Study on
smokers' brains may mark dawn of a new age in advertising
(April 25, 2012) Advertisers and public health officials may be able to access hidden wisdom in the brain to more effectively sell their products and promote health and safety, UCLA neuroscientists report in the first study to use brain data to predict how large populations will respond to advertisements.
Thirty
smokers who were trying to quit watched television commercials from three
advertising campaigns, which all ended by showing the phone number of the
National Cancer Institute's smoking-cessation hotline.

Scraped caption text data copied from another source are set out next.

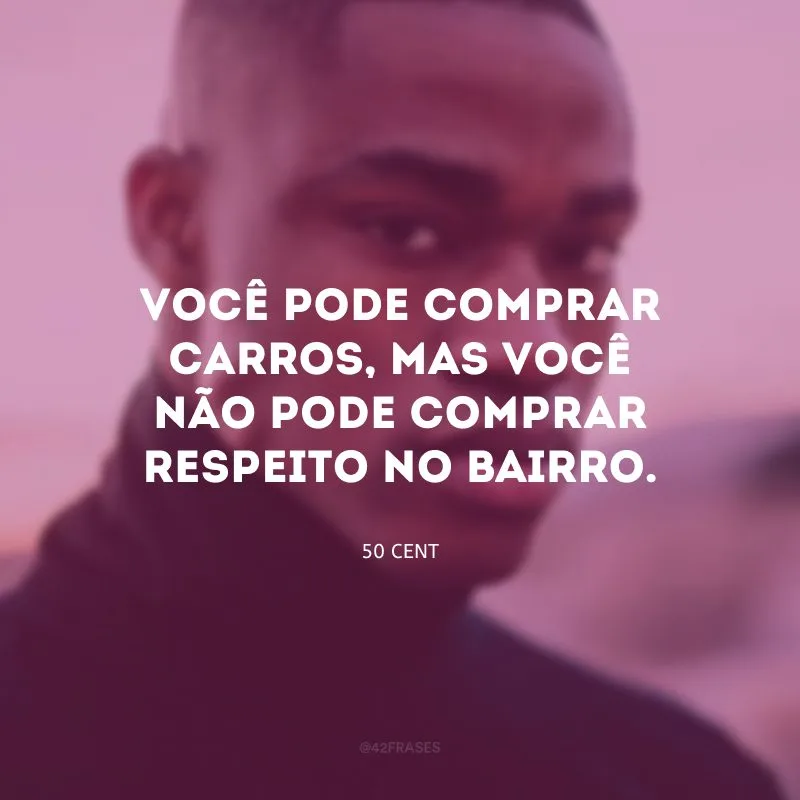 Você pode comprar carros, mas você não pode comprar respeito no bairro.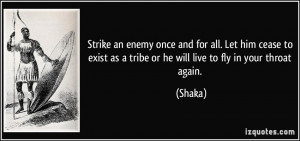 ... exist as a tribe or he will live to fly in your throat again. - Shaka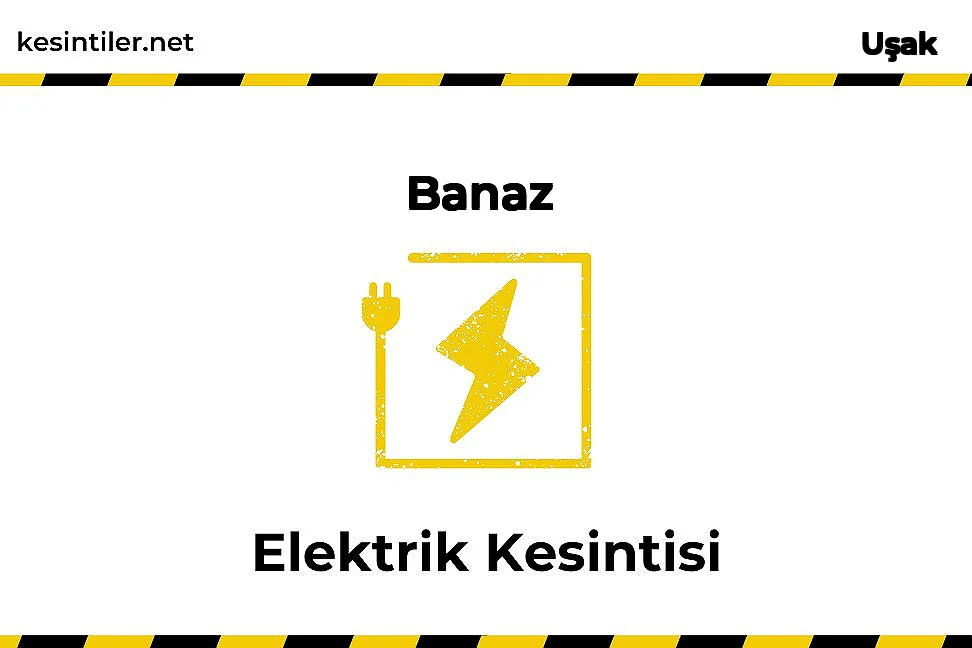 25 Ekim 2022 Banaz / Uşak Elektrik Kesintisi Yaşanacaktır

They were asked which
commercials they thought would be most effective; they responded that
advertising campaigns "A" and "B" would be the best and
"C" would be the worst.
The UCLA
researchers also consulted experts who work in the anti-smoking field and who
have been involved in creating anti-smoking advertisements. These experts
agreed that campaigns "A" and "B" were the best and
"C" was the worst.
While the
smokers watched the advertisements, they underwent functional magnetic
resonance imaging (fMRI) brain scans at UCLA's Ahmanson–Lovelace Brain Mapping
Center, and the neuroscientists focused on part of the medial prefrontal cortex
— located in the front of the brain, between the eyebrows — a region that they
have found to be especially important in previous persuasion studies.
The
researchers found that activity in the medial prefrontal cortex increased much
more during advertising campaign "C" than it did during campaign
"A," and somewhat more than it did during campaign "B."